DESCRIPTION OF THE TASK =>
Within the listing, each line that has the string "living" should be copied.

RECORDS PROVIDED =>
= = = = = = =
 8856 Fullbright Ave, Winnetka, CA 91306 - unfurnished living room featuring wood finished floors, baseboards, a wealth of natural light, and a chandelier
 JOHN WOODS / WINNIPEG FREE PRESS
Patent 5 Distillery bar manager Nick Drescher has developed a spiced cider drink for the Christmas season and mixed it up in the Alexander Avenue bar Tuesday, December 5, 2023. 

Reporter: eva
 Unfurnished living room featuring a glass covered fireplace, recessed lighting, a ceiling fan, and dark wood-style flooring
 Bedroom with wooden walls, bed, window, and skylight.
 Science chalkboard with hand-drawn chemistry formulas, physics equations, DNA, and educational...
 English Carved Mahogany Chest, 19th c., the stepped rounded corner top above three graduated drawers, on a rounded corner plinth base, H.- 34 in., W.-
= = = = = = =
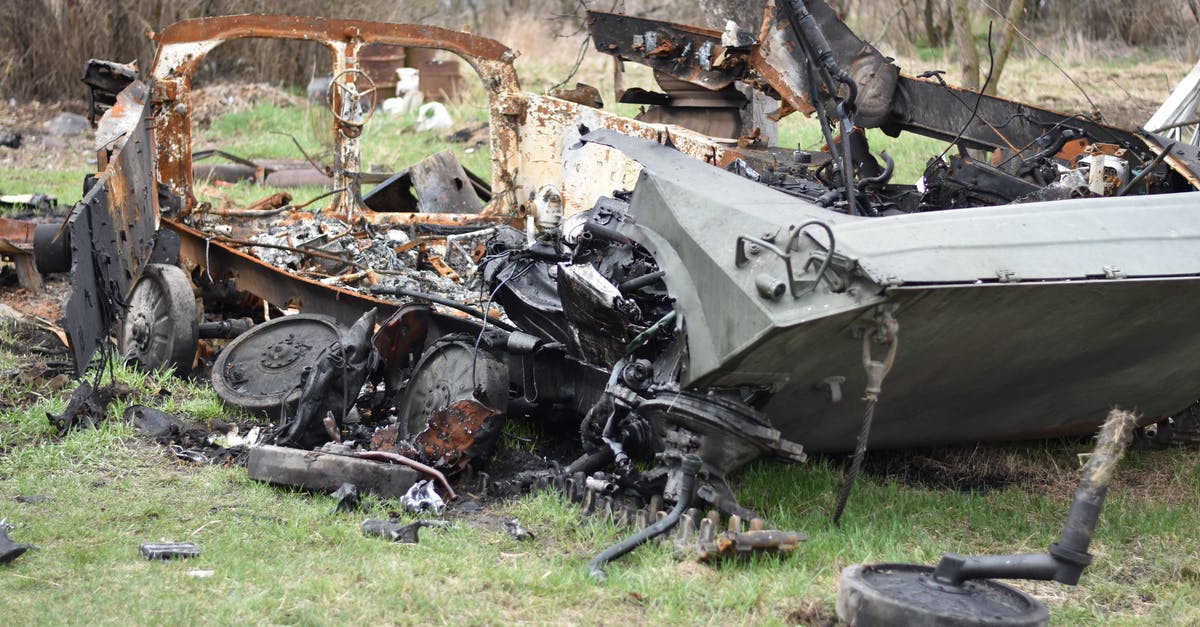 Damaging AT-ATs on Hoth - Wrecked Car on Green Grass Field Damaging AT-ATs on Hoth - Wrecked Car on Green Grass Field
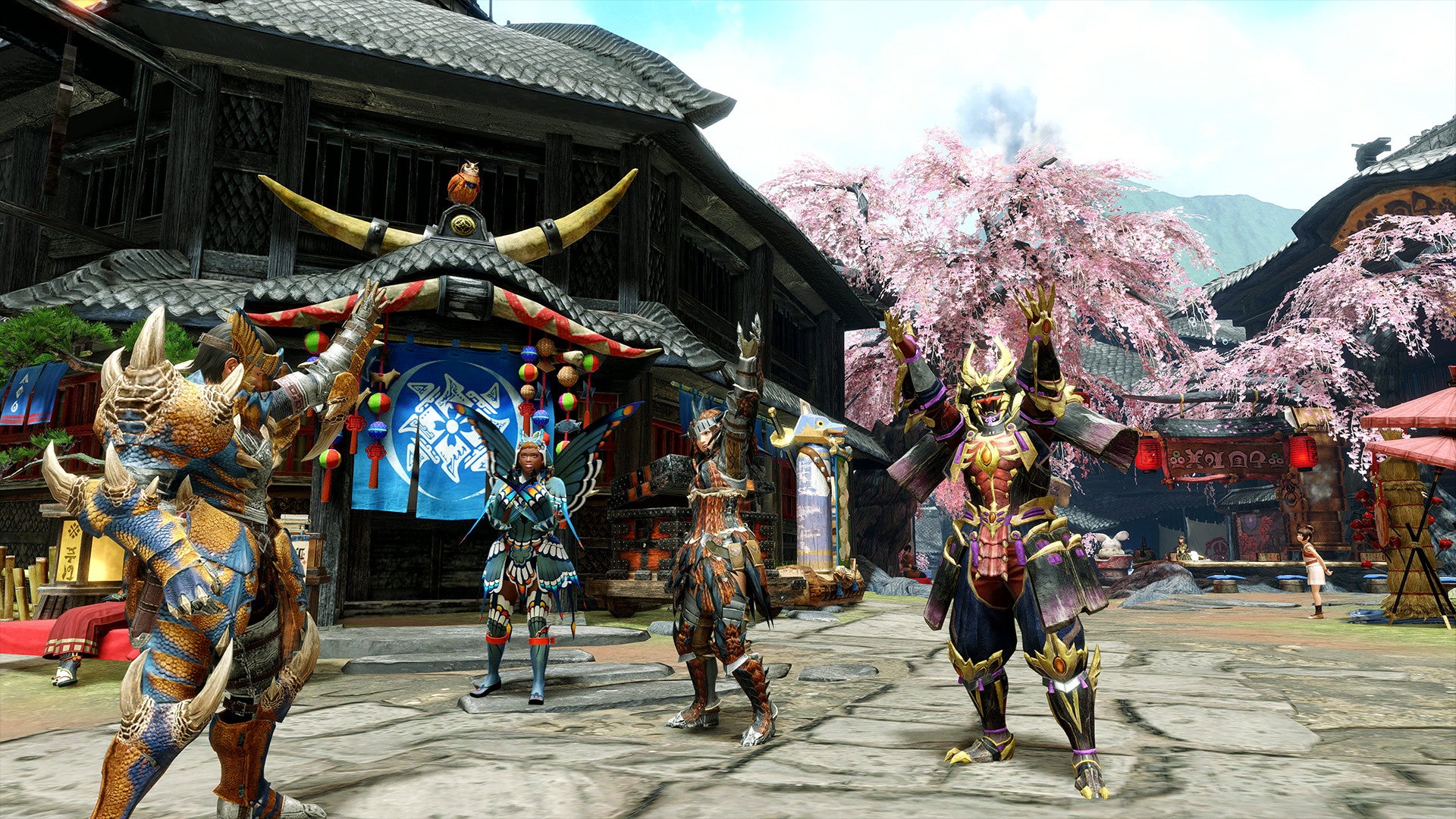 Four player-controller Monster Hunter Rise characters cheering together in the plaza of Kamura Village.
= = = = = = =
WRITTEN RESPONSE =>
 8856 Fullbright Ave, Winnetka, CA 91306 - unfurnished living room featuring wood finished floors, baseboards, a wealth of natural light, and a chandelier
 Unfurnished living room featuring a glass covered fireplace, recessed lighting, a ceiling fan, and dark wood-style flooring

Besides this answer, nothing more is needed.